Sinkende Auflage

"Freie Bürger"-Redaktion kämpft ums Überleben der Straßenzeitung

Christian Henke

Der "Freie Bürger" steht kurz vor dem Aus. Die Verkaufszahlen der Freiburger Straßenzeitung sinken seit Jahren. Redakteur Michael Seifert hofft auf neue Möglichkeiten zur Finanzierung und bittet die Freiburger um Hilfe.

Ein "Freie-Bürger"-Verkäufer, der nicht mit Namen genannt werden möchte, steht seit fünf Jahren fast täglich in der Eisen- und der Dreherstraße am Münsterplatz. Dort bietet er den "Freien Bürger" an und redet gerne mit Leuten. Seine Verkaufszahlen sind stabil. "Ich habe immer so 250 Zeitungen verkauft, mal auch 350, mal nur 220." Doch sein Erfolg ist eine Ausnahme. "Das ist ’ne Platzsache." Durch die Eisenstraße gehen immer viele zum Münsterplatz, auch Freiburger.


3500 Exemplarer zur Kostendeckung

Er weiß aber von den Problemen anderer Verkäufer. Schon vor fünf Jahren gab es einen Abwärtstrend bei den Verkaufszahlen. Im Juli 2012 wurden erstmals weniger als die kostendeckenden 3500 Exemplare einer Ausgabe verkauft. Heute sind es 3000. Michael Seifert erklärt den Rückgang zum einen damit, dass sich die Innenstadt wandelt: Mit den kleinen Läden verschwinden die Verkaufsstellen. Zudem sei die Fußgängerzone für Freiburger nicht mehr attraktiv. Die Innenstadt sei, so der Redakteur, fest in der Hand von Menschen aus dem Umland und Touristen. Der allgemeine Rückgang gedruckter Zeitungen zugunsten digitaler Medien trifft den "Freien Bürger" außerdem hart.

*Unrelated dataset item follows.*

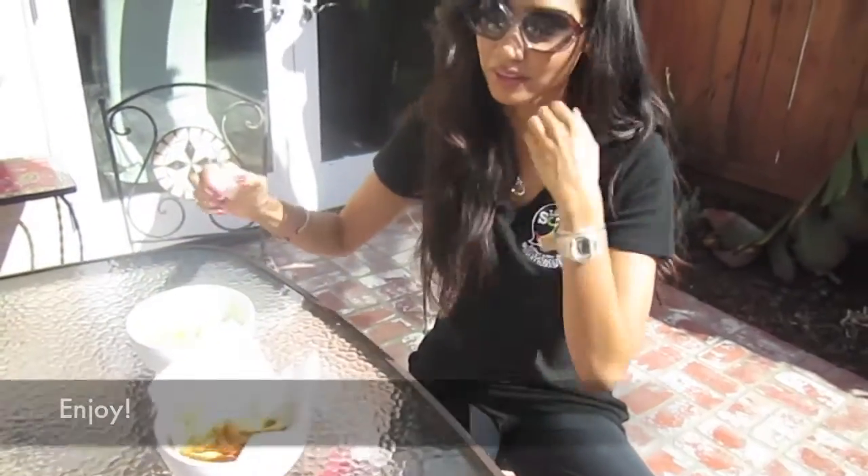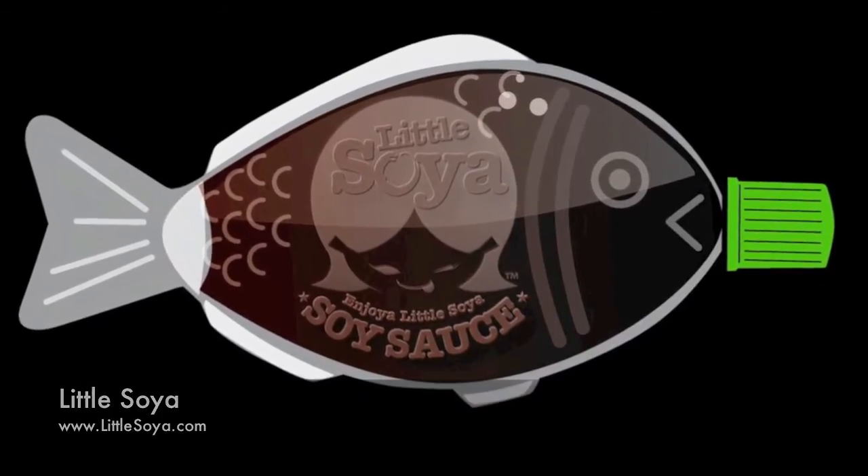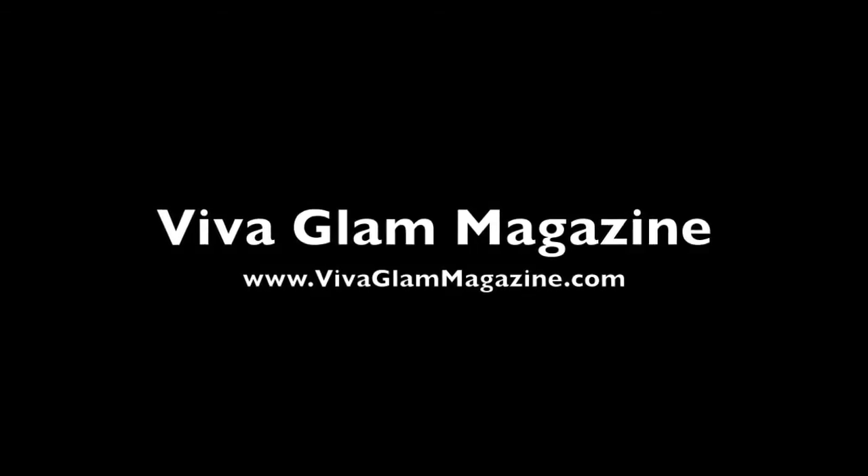For the full written recipe, go to vivaglammagazine.com, mynutritionfixation.com, or frenchtoastandwine.com. To purchase Little Soya, visit littlesoya.com.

Das alles setzt dem "Freien Bürger" und seinen Verkäufern zu. Neben dem Erlös aus den verkauften Zeitungen – der immer geringer wird – finanziert sich die Zeitung über Werbeanzeigen, Spenden, Sponsoren und einen Mietzuschuss in Höhe von jährlich 3500 Euro von der Stadt Freiburg. Die aktuelle Lage ist dramatisch: Wenn keine neuen Möglichkeiten zu Finanzierung gefunden werden, muss die Herausgabe der Straßenzeitung bald eingestellt werden. Momentan kann die Redaktion noch auf Ersparnisse zurückgreifen, um den monatlichen Verlust mehrerer Tausend Euro aufzufangen, sagt Seifert. Im Frühjahr 2018 wird dieser Puffer aber vermutlich aufgebraucht sein.

Unabhängigkeit ist der Redaktion wichtig

Dazu kommt: Die Redaktion legt großen Wert auf ihre Unabhängigkeit. Deshalb ist sie bei Sponsoren sehr wählerisch. Seifert betont, dass der "Freie Bürger" sich als politische Zeitung nicht von Geldgebern vor den Wagen spannen lässt. Auf Geld einer Firma, die laut Seifert Computerchips herstellt, die auch für Waffen verwendet werden, hat die Redaktion deshalb bewusst verzichtet.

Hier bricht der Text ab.